In the act of interviewing Richard Foster, author of Celebration of Discipline and the current Sanctuary of the Soul, I was reminded how strange and counter-cultural a thing wisdom has become.  Foster is the kind of guy who not only brings a well-marked Bible to an interview, but who opens it frequently and answers from scripture.  He’s the kind of guy who takes a year-and-a-half “fast” from writing and public speaking because he believes God wants him to become comfortable again with anonymity and stillness.  He’s the kind of guy who invites his son to give him a “trail name” (as is the custom when you hike the Appalachian Trail) and waited for ten years for his son to deliver on the promise.  The name his son gave him?  Wisdom-Chaser.

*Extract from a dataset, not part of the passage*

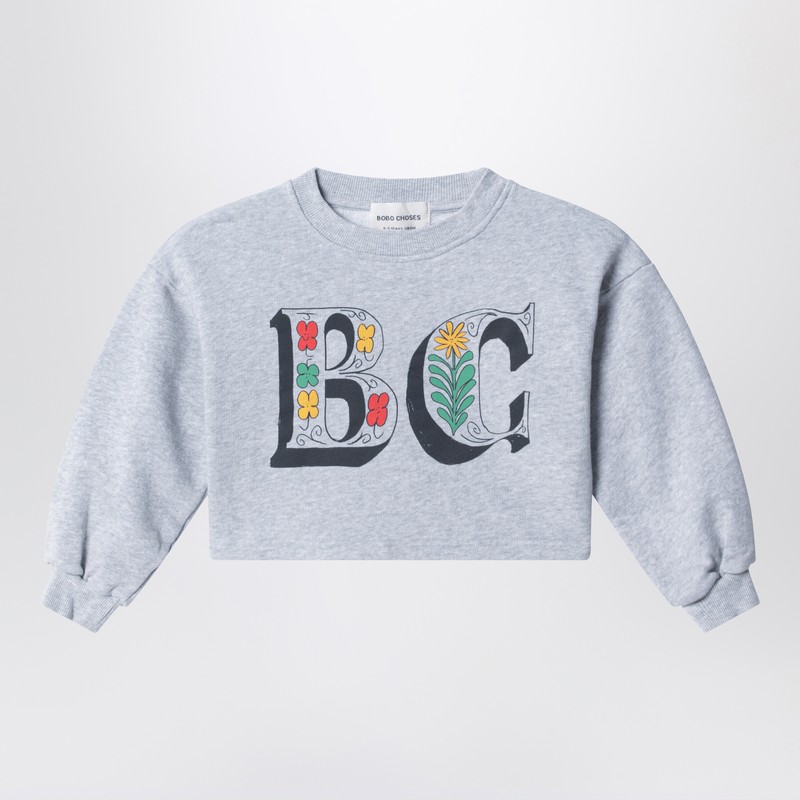 Spring Letters grey mélange cropped sweatshirt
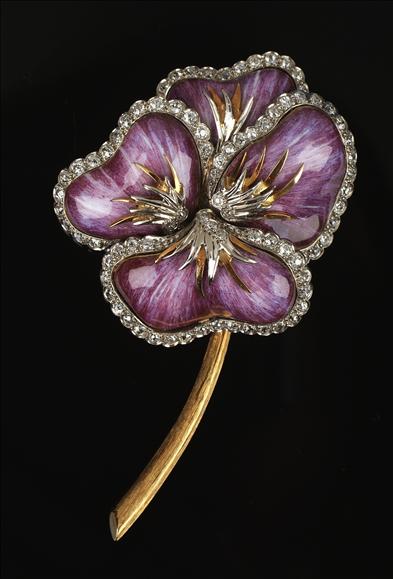 Appraisal: An early th century enamel and diamond pansy brooch the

When I was a child, Solomon was among my favorite characters because he was said to be the wisest man in the world.  Then someone pointed out James 1:5, “If any of you lacks wisdom, he should ask God, who gives generously to all without finding fault, and it will be given to him.”  From that day forward, I prayed for wisdom almost everyday, and sometimes multiple times daily.  In my childish way of thinking, God had promised a free giveaway.  If you want freedom, just ask for it, and God will give it.  So I asked as often as I could.  If someone had told me that wisdom comes, in large measure, through the things our flesh flees, perhaps I would have asked less eagerly.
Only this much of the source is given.